Deux instants de grâce dominent l’album : Capps y joue la carte de la gratitude, puis de la rédemption, mais « pas dans un sens chrétien ». Sur New Again, il espère « laver [seul] ses péchés » pour provoquer le retour de son amour. « There’s the world of mysticism/i’am in the world of criticism for you » tente t-il pour prouver son sens des responsabilités. Capps refuse de rendre les chansons inutilement compliquées, il se contente ici d’un peu d’harmonica par dessus les guitares. Thankful est d’un style plus texan. « Ain’t you thankful for the moonshine/that takes away the pain » chante Capps dans une démonstration de « bon temps rouler ». 


s. Le swamp-rock halluciné de Taos transforme une virée en voiture en rencontre avec le diable au croisement. Par ailleurs,les sensations ne s'entrechoquent pas sur cet album avenant, mais cette chanson dramatique, coiffe l'album d'une belle aura de spontanéité, tandis que sa narration rutilante provoque des retombées sur tout le reste de l'album, l'ancre profondément dans la culture sudiste. L'aplomb est grand.

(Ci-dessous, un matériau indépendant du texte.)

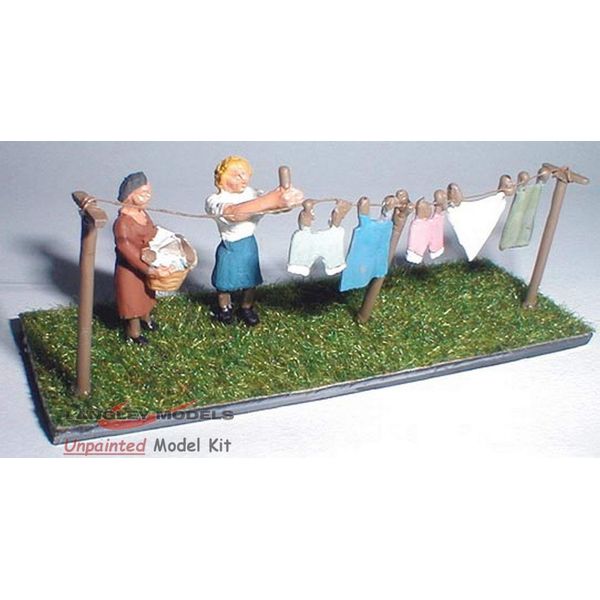 Langley Models Washing line clothes + figures OO Scale UNPAINTED Model Kit F212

WATERMELON SLIM - Golden Boy (2017)




OO
communicatif, élégant, original
blues


Watermelon Slim a enregistré cet album comme une lettre d’amour au Canada. Invité en 2003 à jouer à Toronto, ce pays lui a beaucoup donné, dans la dernière partie de sa carrière. Lui aussi, comme Smoky Tiger, joue d’une ouverture sur le monde manifeste, comme un sport de combat. Si on y combine son feeling de vétéran de la guitare slide, et sa voix de basse dont il explore toutes les possibilités, évoquant un peu Captain Beefheart dans certaines intonations, c’est une vraie magie.

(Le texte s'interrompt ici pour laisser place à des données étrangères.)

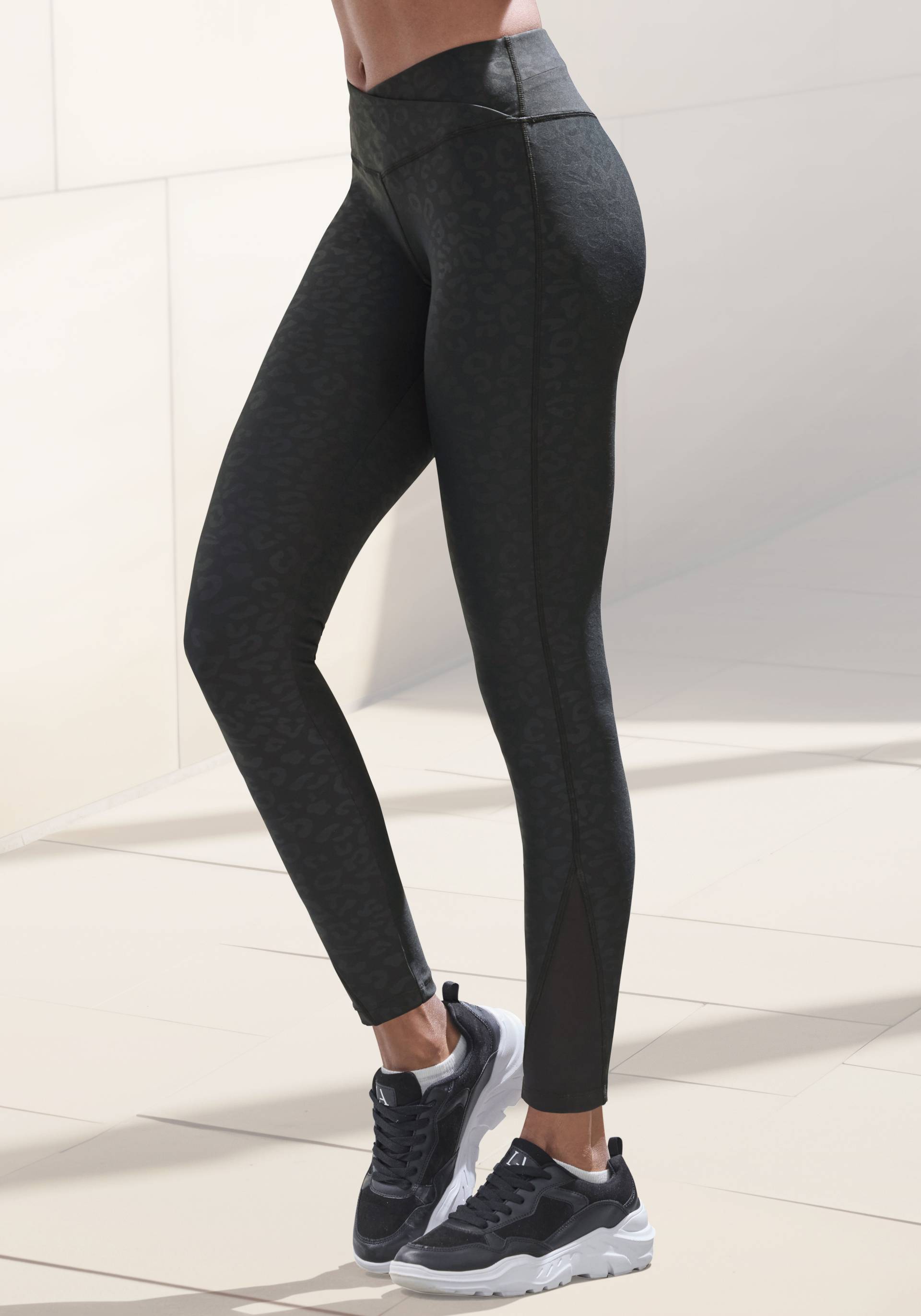 LASCANA ACTIVE Funktionsleggings »/Sportleggings«, mit V-förmigen Bündchen in Leo-Optik von LASCANA ACTIVE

On débute avec le très rock n’ roll Pick Up My Guidon, et on finit par côtoyer les esprits en entonnant des chants rituels... Scott Nolan, figure de la scène folk de Winnipeg, a apporté une tranche de tendresse, Cabbagetown, et plein de bonnes vibrations à l’album. «Musiciens et vocalistes ( je n’en connaissais que quelques uns auparavant) m’ont fait participer à une expérience nouvelle pour moi de communauté musicale en studio. » témoigne Slim dans les notes de l’album.

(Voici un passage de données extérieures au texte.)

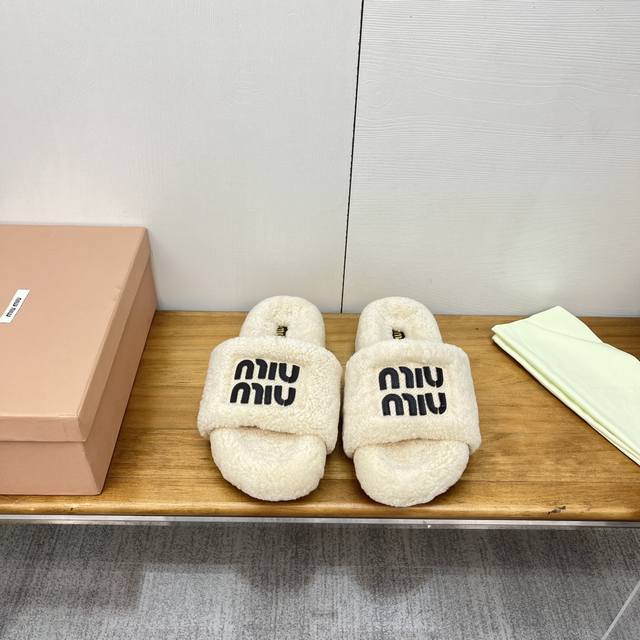 Miu Miu 24Ss 秋冬新品毛拖～ 秋冬新宠 百搭时髦单品！ 不管居家还是外穿都是品味的象征性！ 秋冬搭配袜子 那更是太绝太绝了 进口澳洲真羊毛，手感细腻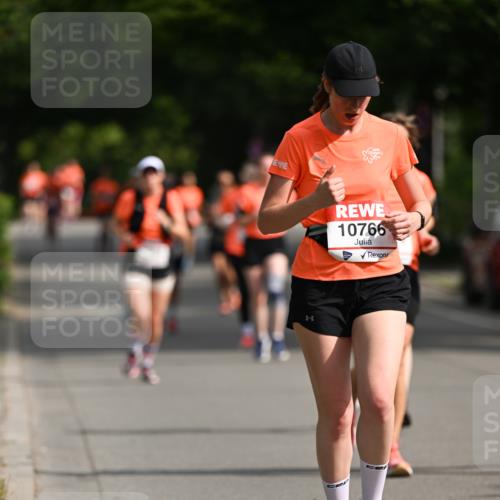 15.06.2025 - REWE Women's Run Dr. Thomas Lammeyer http://msf.ph/oto/7954838 15.06.2025 09:44:44 Laufen 10766 meine-sportfotos.de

Ce sentiment communautaire est aussi nourri par la participation de représentants de peuples natifs canadiens. La production est riche en tours de passe-passe, l’originalité étant cette décision de mettre en avant la voix, le révélant un personnage medium capable de canaliser la danse des nuits et des jours, le passé et le présent avec une sensibilité pour le travailleur, l’explorateur, le militant de la liberté des peuples. L’inventivité des arrangements ne fait pas oublier qu’ils sont au service d’un grand partage. Watermelon Slim apparaît, dans les photos accompagnant le disque, comme un parleur de rue, toujours micro en main. Une personnalité atypique, refusant de s’incliner dans le sillage des héros. Les mots puissants, les histoires vécues peuvent donner le change, et aussi Barrett’s Privateers, le chant viril Irlandais maintes fois repris depuis qu’il fut enregistré par Stan Rogers, entre autres par Smoky Tiger. Dark Genius, qui évoque les ombres totémiques de dirigeants politiques, culmine sur cette phrase : « He was a dark, dark genius/And i’ll probably just end like him some day ». Pas de fausse modestie, mais une majesté méritée pour un homme prenant le parti de la générosité et de la sincérité totale dans tous les aspects de cet album.